--- About this exercise ---
Repeat the data that follows exactly, starting at the line with "Kondisi salah satu" and ending at the line with "687-2600 16th St", and leave out every picture.

Image-caption web data:
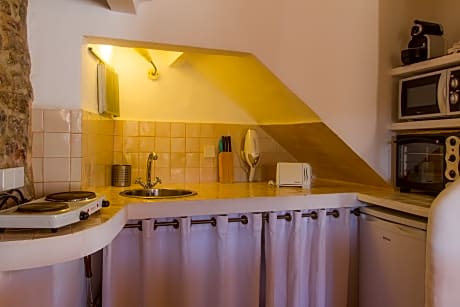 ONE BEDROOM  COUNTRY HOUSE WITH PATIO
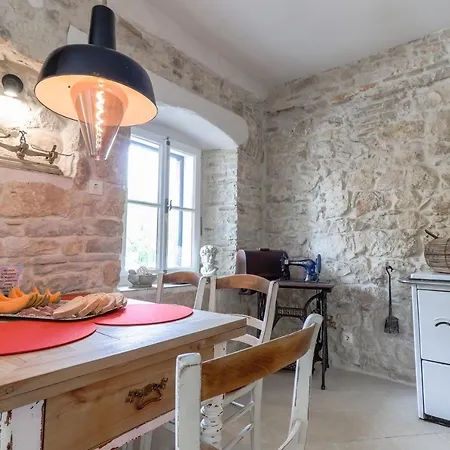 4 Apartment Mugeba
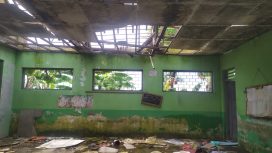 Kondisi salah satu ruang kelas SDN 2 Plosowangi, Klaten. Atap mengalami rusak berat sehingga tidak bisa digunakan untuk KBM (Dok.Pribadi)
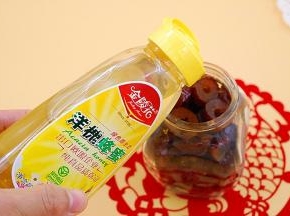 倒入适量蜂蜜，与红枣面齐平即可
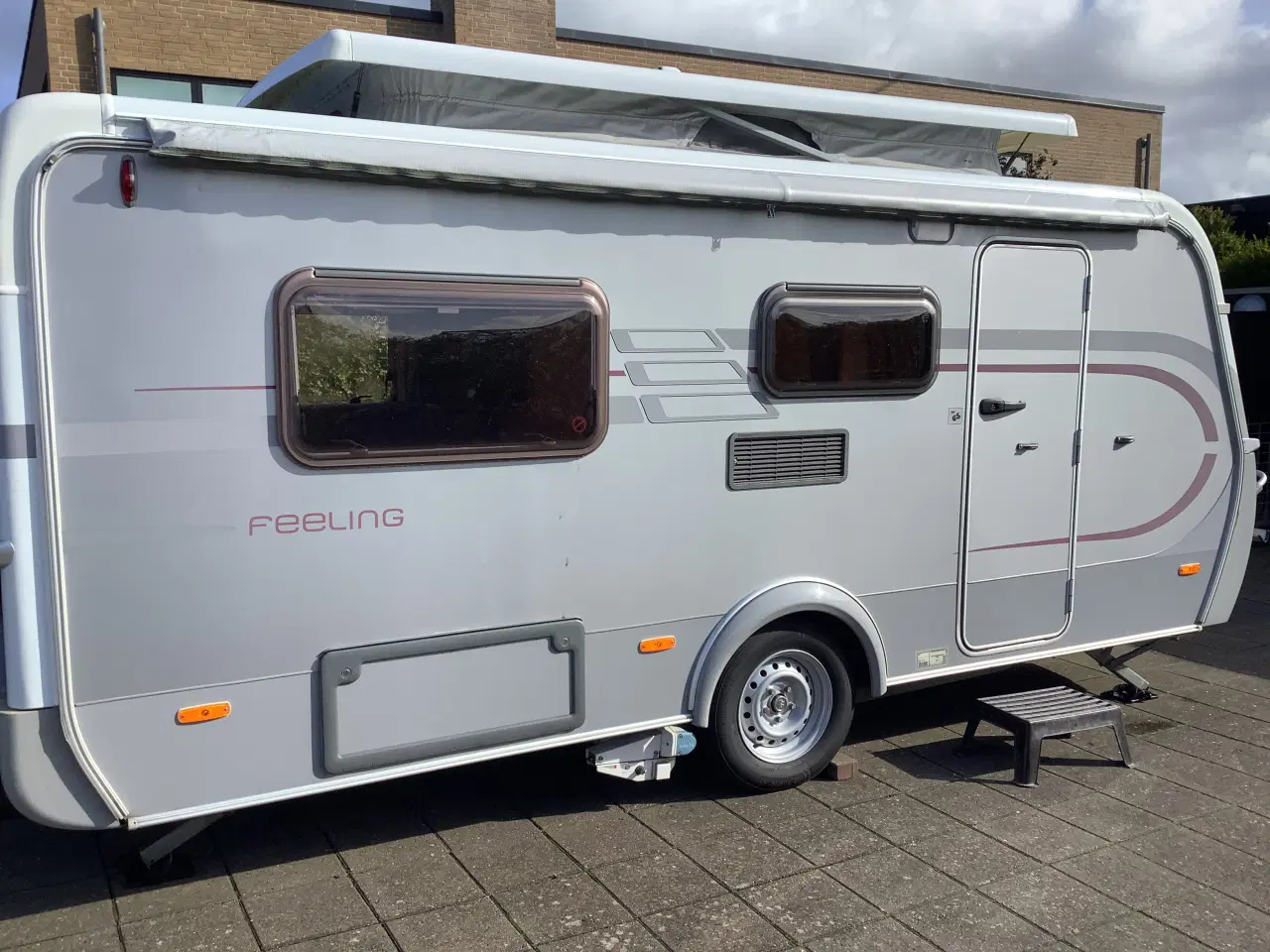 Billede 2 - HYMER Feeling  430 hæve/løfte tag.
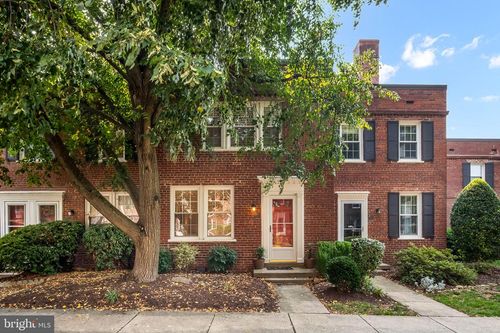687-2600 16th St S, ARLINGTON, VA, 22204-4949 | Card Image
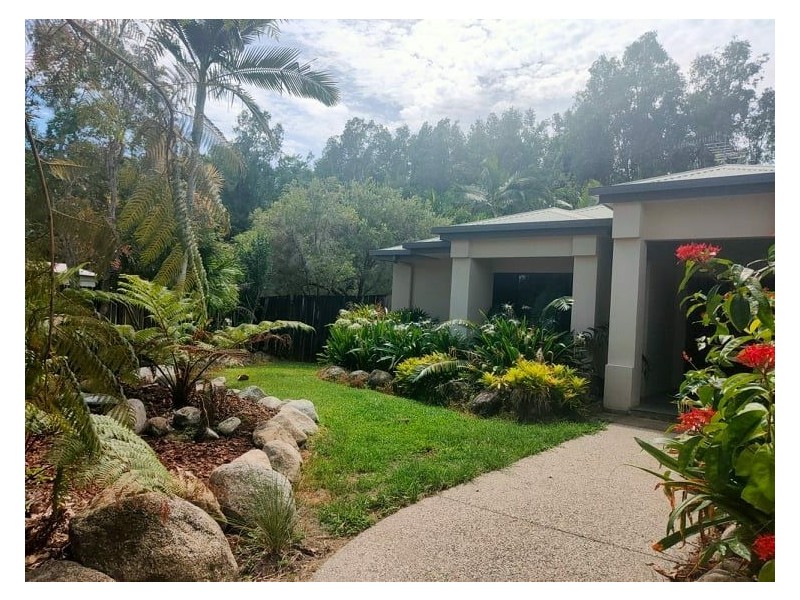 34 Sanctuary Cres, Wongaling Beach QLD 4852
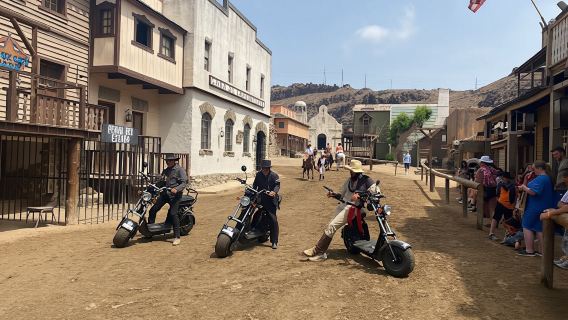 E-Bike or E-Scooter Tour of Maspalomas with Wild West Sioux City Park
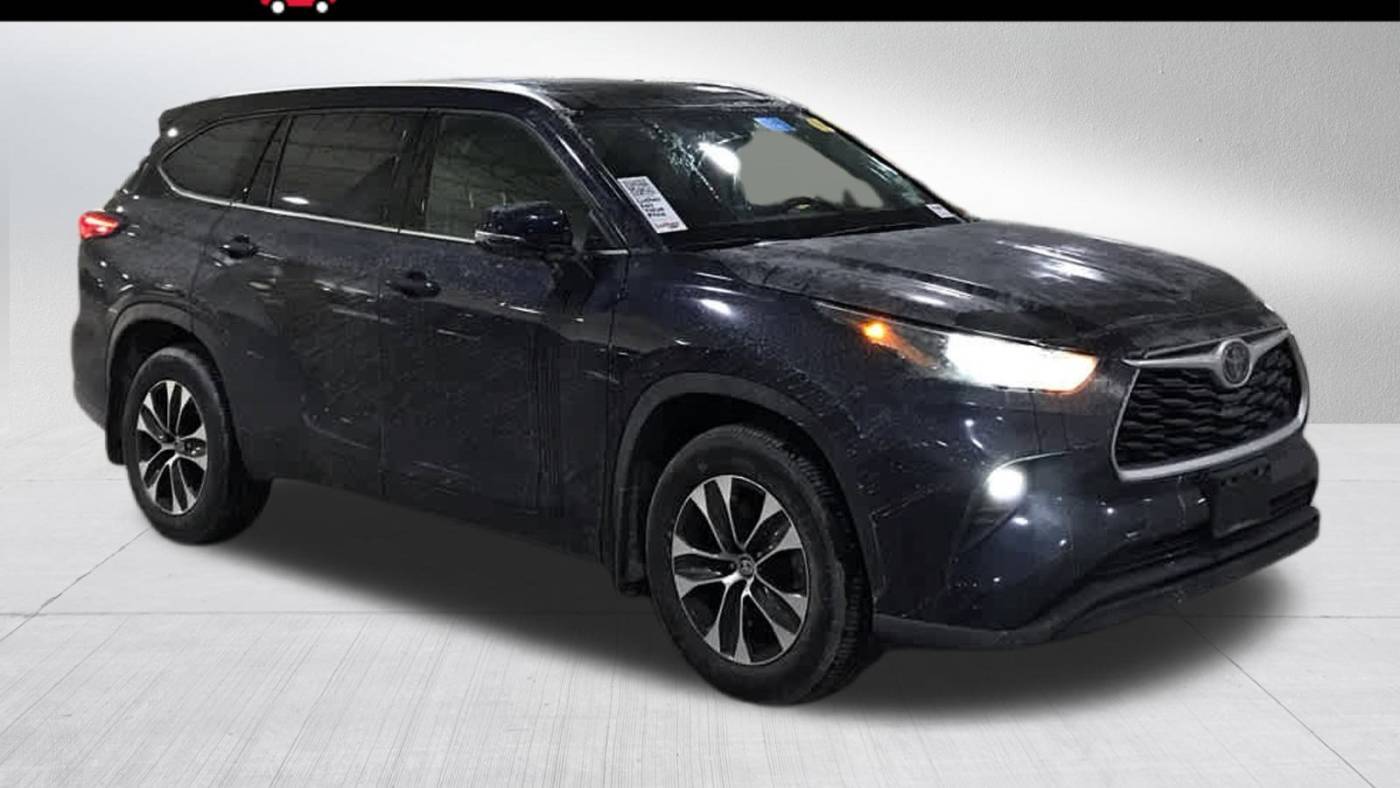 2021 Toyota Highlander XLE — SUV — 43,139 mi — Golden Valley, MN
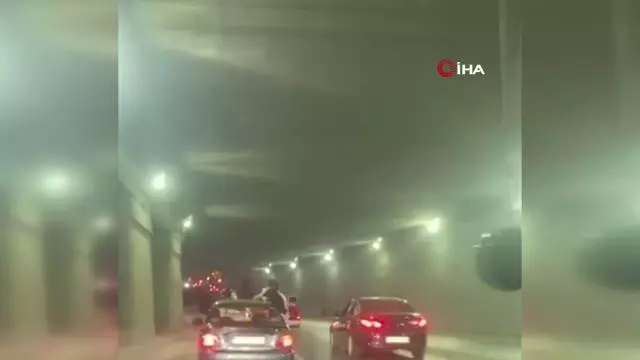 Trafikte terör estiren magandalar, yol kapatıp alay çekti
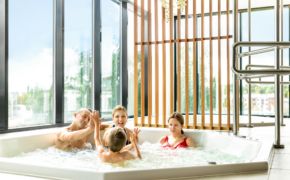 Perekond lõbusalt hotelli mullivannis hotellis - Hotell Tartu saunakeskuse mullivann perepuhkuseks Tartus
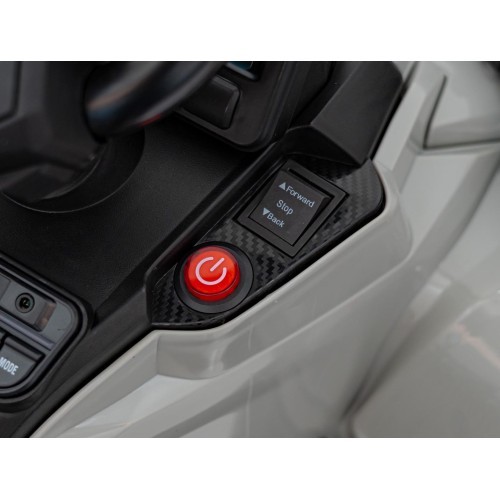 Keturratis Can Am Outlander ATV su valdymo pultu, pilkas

--- Answer to this problem ---
 Kondisi salah satu ruang kelas SDN 2 Plosowangi, Klaten. Atap mengalami rusak berat sehingga tidak bisa digunakan untuk KBM (Dok.Pribadi)
 倒入适量蜂蜜，与红枣面齐平即可
 Billede 2 - HYMER Feeling  430 hæve/løfte tag.
687-2600 16th St S, ARLINGTON, VA, 22204-4949 | Card Image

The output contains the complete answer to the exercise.